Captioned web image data
#####

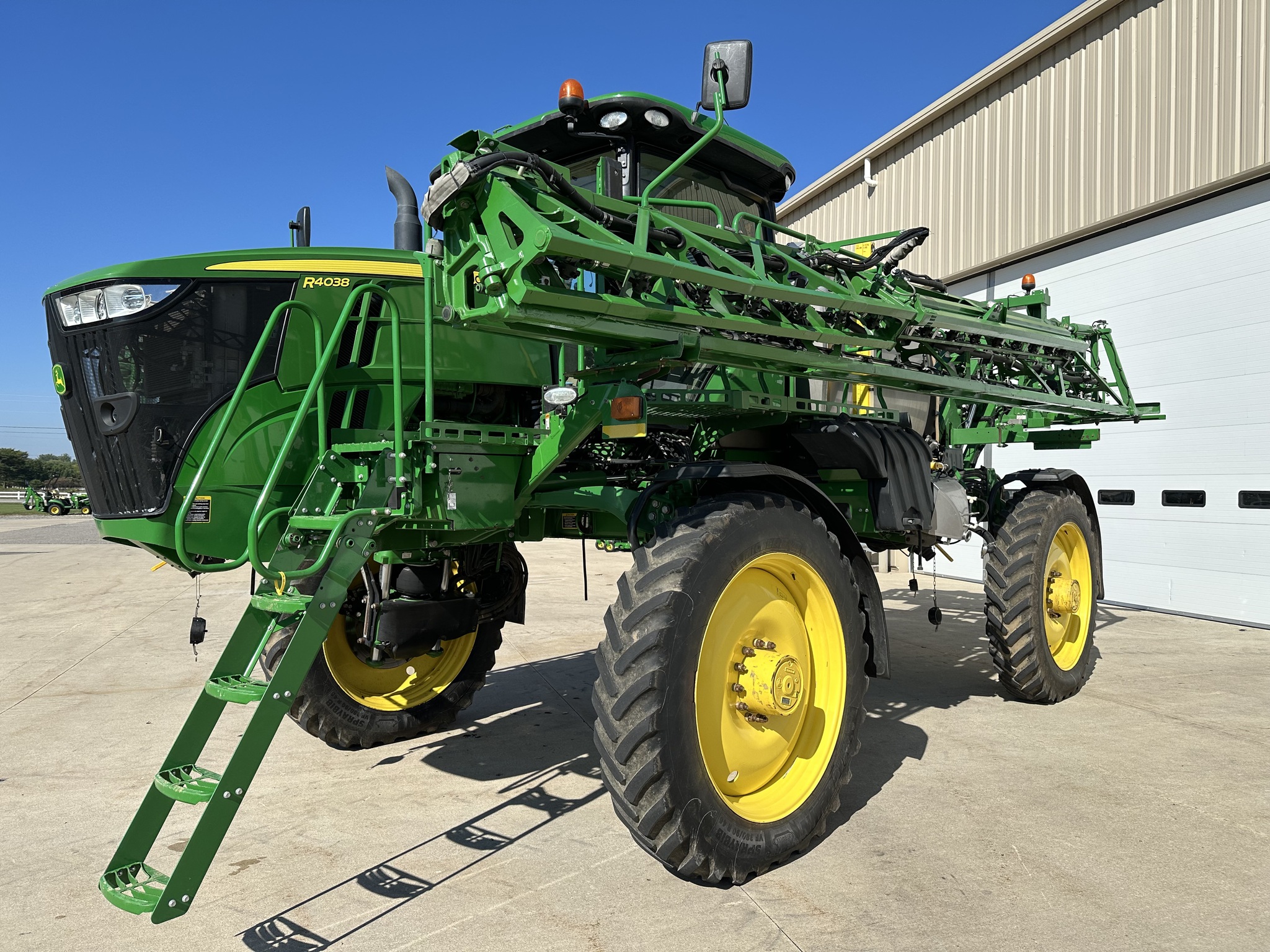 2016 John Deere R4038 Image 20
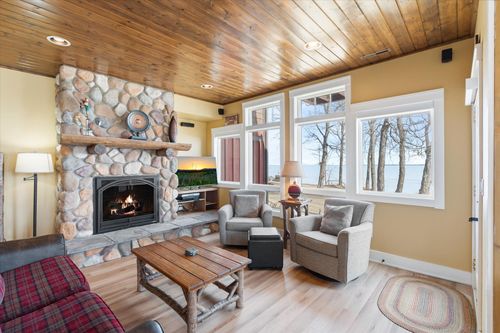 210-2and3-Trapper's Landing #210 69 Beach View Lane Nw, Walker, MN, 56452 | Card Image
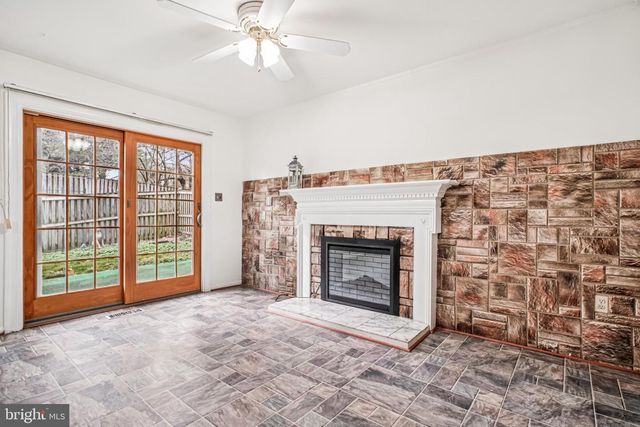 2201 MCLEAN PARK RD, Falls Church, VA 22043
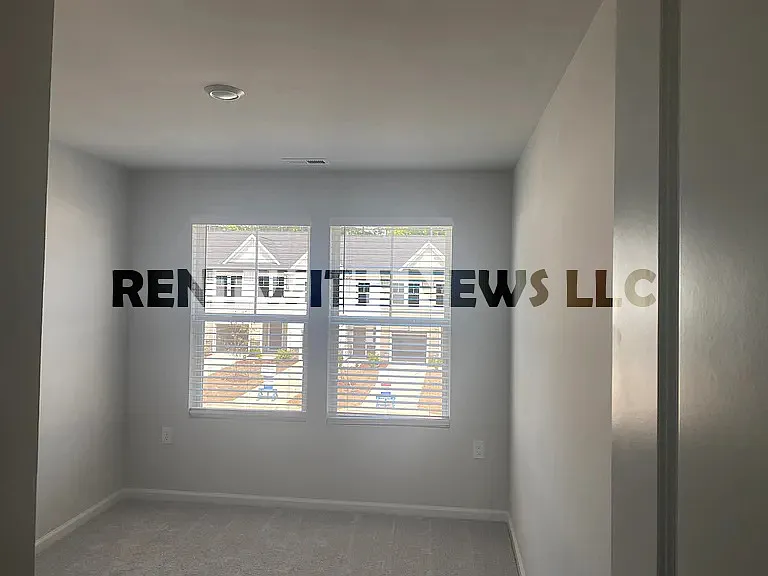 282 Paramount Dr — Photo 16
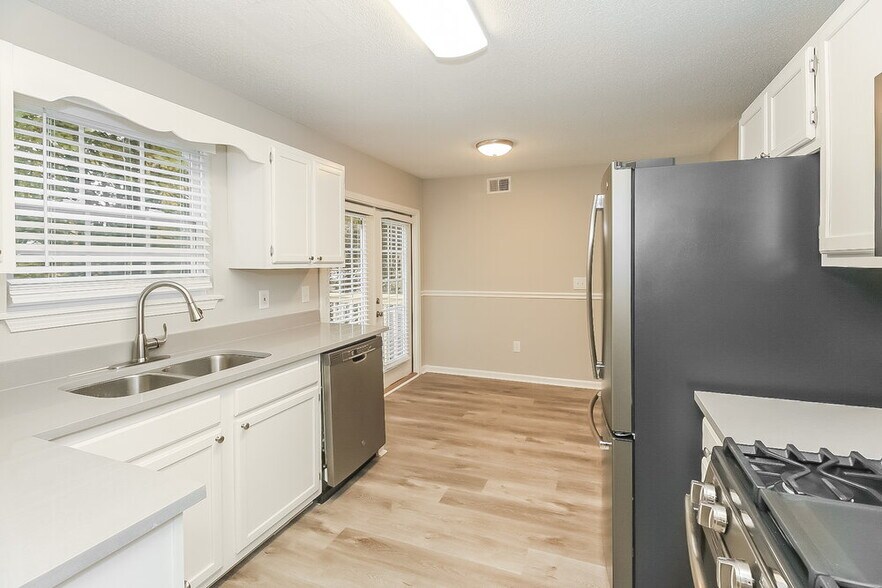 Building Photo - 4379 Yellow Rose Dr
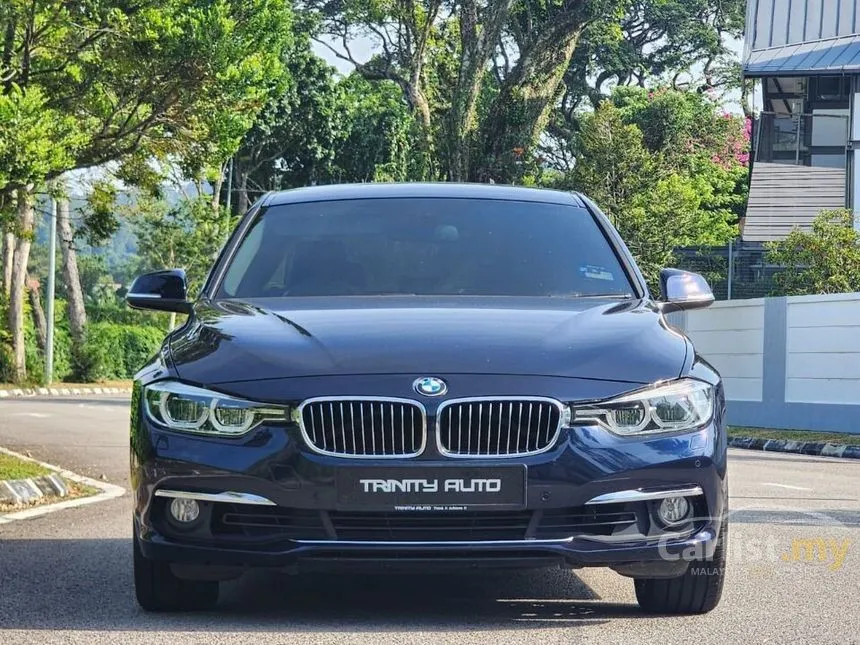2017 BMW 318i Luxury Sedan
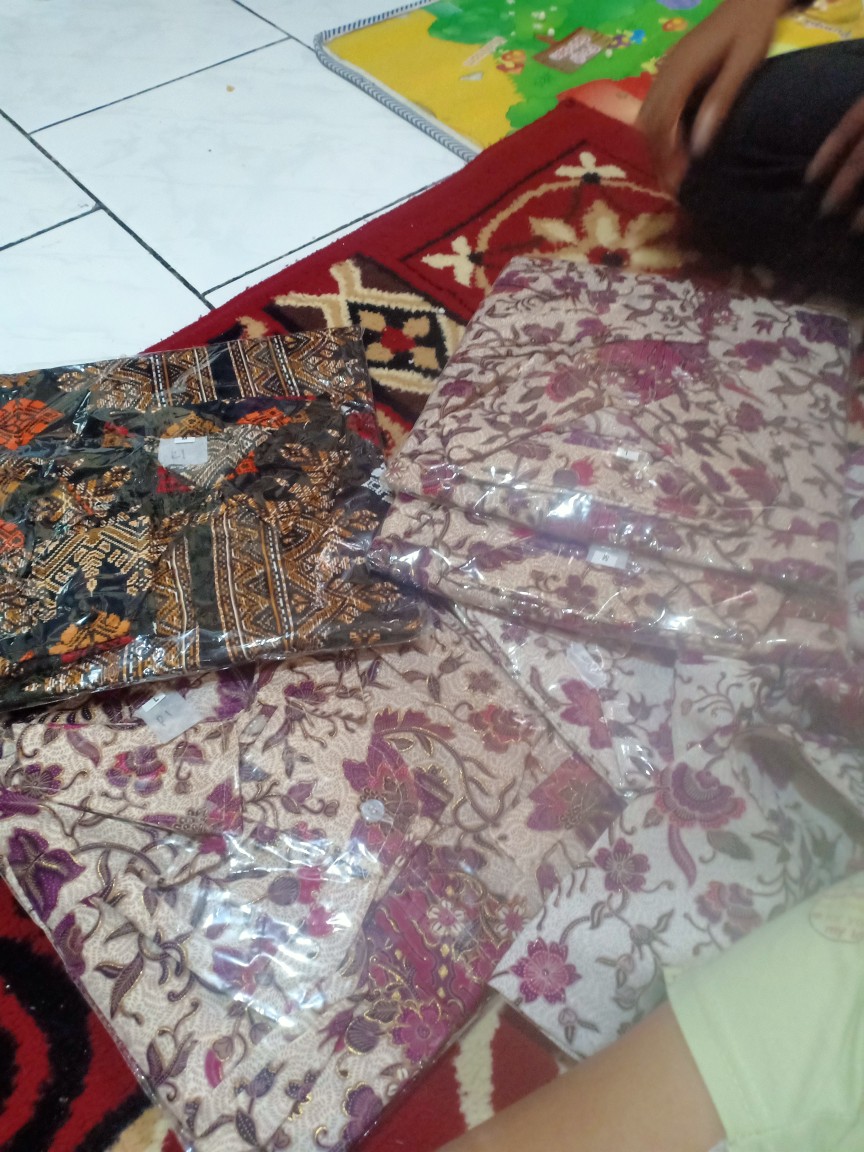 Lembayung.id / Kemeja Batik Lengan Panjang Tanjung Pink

#####

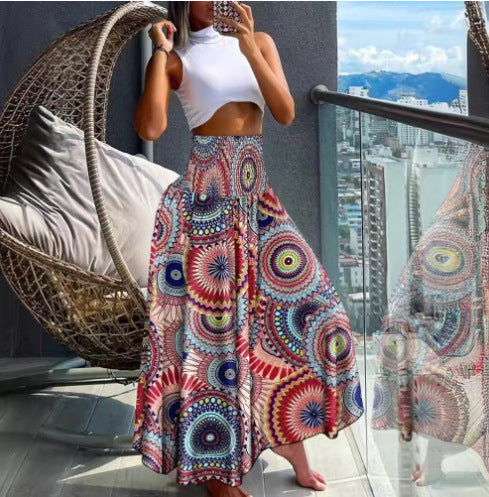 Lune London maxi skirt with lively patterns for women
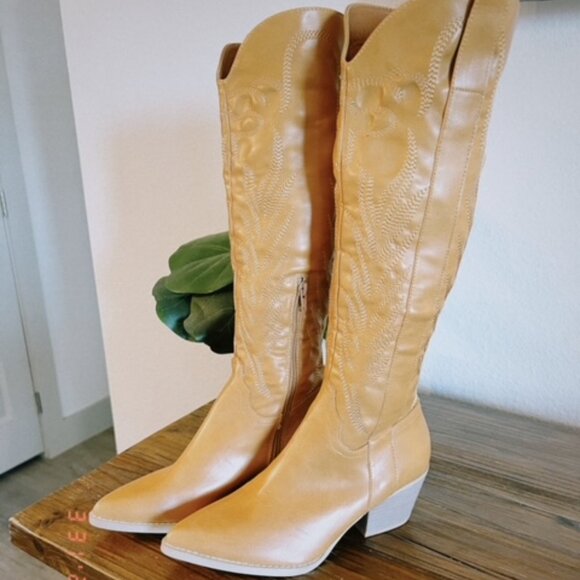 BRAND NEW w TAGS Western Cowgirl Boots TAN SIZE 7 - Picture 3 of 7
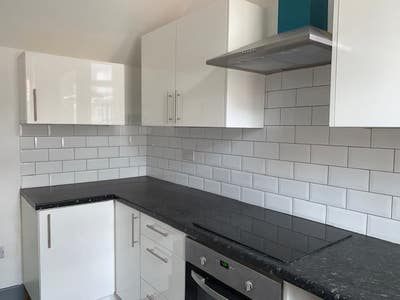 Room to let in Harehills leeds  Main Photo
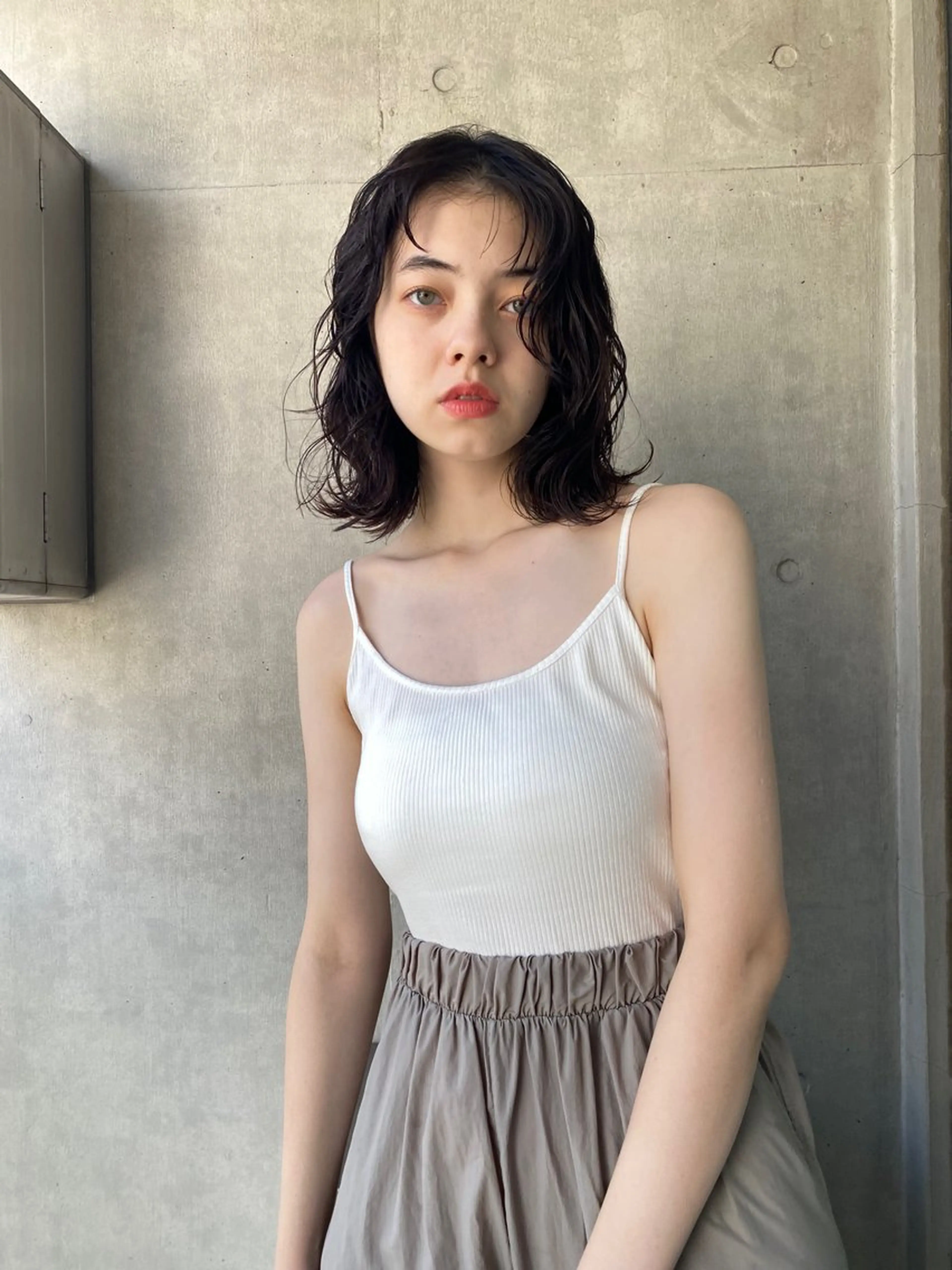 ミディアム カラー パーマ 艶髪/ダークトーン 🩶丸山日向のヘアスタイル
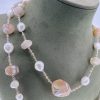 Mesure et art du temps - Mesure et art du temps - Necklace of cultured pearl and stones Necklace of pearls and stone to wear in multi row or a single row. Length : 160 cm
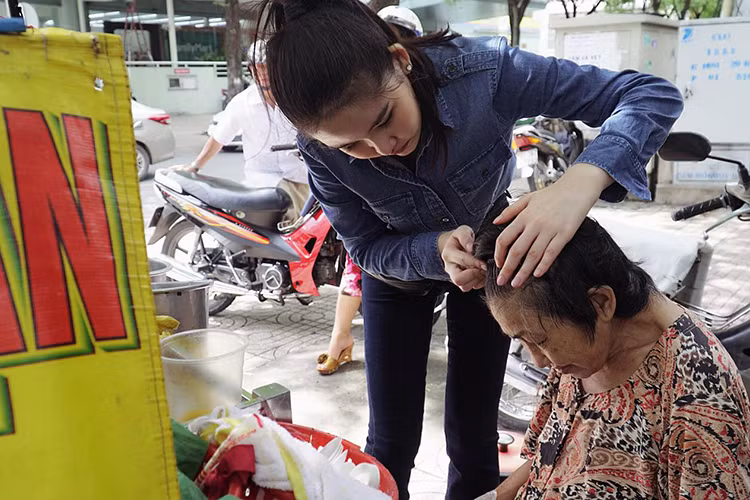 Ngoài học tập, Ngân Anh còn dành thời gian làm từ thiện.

#####

What this task involves » The output is the stretch above from the line with "Lune London maxi" through the line with "Ngoài học tập, Ngân", copied word for word with both ends kept and every picture dropped.

Expected answer »
 Lune London maxi skirt with lively patterns for women
 BRAND NEW w TAGS Western Cowgirl Boots TAN SIZE 7 - Picture 3 of 7
 Room to let in Harehills leeds  Main Photo
 ミディアム カラー パーマ 艶髪/ダークトーン 🩶丸山日向のヘアスタイル
 Mesure et art du temps - Mesure et art du temps - Necklace of cultured pearl and stones Necklace of pearls and stone to wear in multi row or a single row. Length : 160 cm
 Ngoài học tập, Ngân Anh còn dành thời gian làm từ thiện.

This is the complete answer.